Task requirements — Transcribe these records exactly, dropping every picture.

─── Data for the task ───

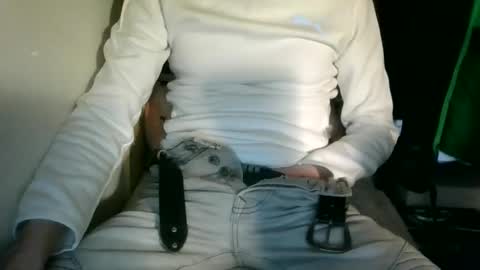 juju78juju online show from 7, 3, 2025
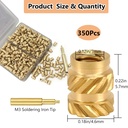qsj-threaded-insert-350pcs-m3-x-l57-x-d4-2.jpg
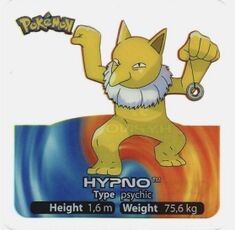 Pokémon Square Lamincards - 97.jpg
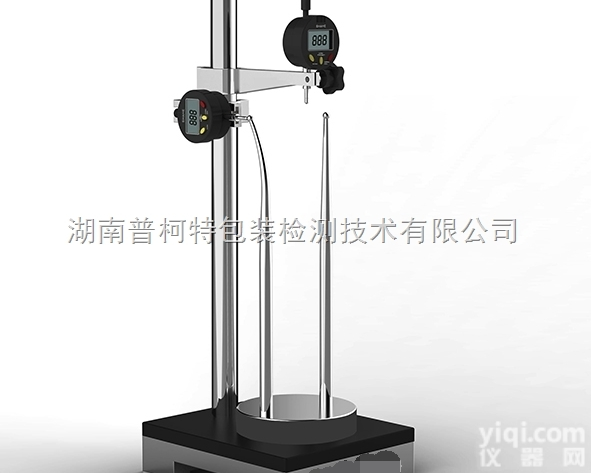 HD-<em>10</em>B底<em>厚壁</em>厚<em>测量仪</em>
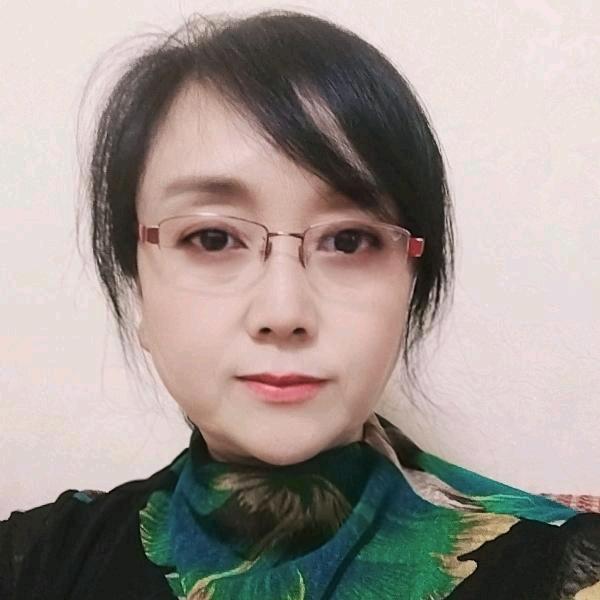 快乐姐姐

───

Task response —
 juju78juju online show from 7, 3, 2025
qsj-threaded-insert-350pcs-m3-x-l57-x-d4-2.jpg
 Pokémon Square Lamincards - 97.jpg
 HD-<em>10</em>B底<em>厚壁</em>厚<em>测量仪</em>
 快乐姐姐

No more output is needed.